If activation of the DLPFC results in reduced processing of arousing stimuli, this should also be evident in the LPP. One study demonstrated that direct stimulation of the DLPFC reduces the LPP. Hajcak and colleagues measured the LPP in five treatment-resistant depressed patients who had epidural stimulators implanted above Brodmann’s areas (BAs) 10 (i.e., frontopolar cortex) and 46 (i.e., DLPFC; Hajcak, Anderson, et al., 2010a). Participants, who were blind to activation condition, had smaller LPPs to aversive pictures when BA 46 was stimulated at 4 V, as compared with a sham condition.
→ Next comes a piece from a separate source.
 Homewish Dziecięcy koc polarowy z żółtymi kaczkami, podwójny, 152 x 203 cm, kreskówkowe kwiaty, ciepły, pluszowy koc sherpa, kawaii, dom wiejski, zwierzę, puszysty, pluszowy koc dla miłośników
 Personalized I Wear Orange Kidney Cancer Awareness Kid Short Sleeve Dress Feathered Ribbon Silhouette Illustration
The LPP elicited by aversive pictures was not reduced when BA 10 was stimulated, in line with the notion that the DLPFC is involved in the down-regulation of the response to arousing stimuli.

Prior work suggests that distracting tasks may reduce the LPP elicited by task-irrelevant pictures. Participants performed a target detection task or a working memory task while simultaneously viewing emotional or neutral pictures presented in the background (Wangelin, Löw, McTeague, Bradley, & Lang, 2011). The picture-elicited LPP was smaller when participants performed these tasks, as compared with when they passively viewed the pictures. Working memory load was not modulated on a trial-to-trial basis, however, and results were analyzed across both distracting tasks. Therefore, no study to date has examined the effect of functional activation of the DLPFC on the LPP using a task designed to elicit differential levels of DLPFC activation across conditions. Although DLPFC activation was not measured in the present study, working memory load reliably elicits DLPFC activation (D’Esposito et al., 2000), and DLPFC activation increases with the number of items to be held in memory (Manoach et al., 1997). Hence, we reasoned that high-load, as compared with low-load, working memory trials would result in greater increases in DLPFC activation. We predicted that the LPP elicited by aversive pictures would be reduced under high working memory load, as compared with low working memory load (Erk et al., 2007; Van Dillen, Heslenfeld, & Koole, 2009). Conversely, we also predicted that aversive pictures would interfere with performance on the working memory task (Dolcos & McCarthy, 2006; Zanto & Gazzaley, 2009).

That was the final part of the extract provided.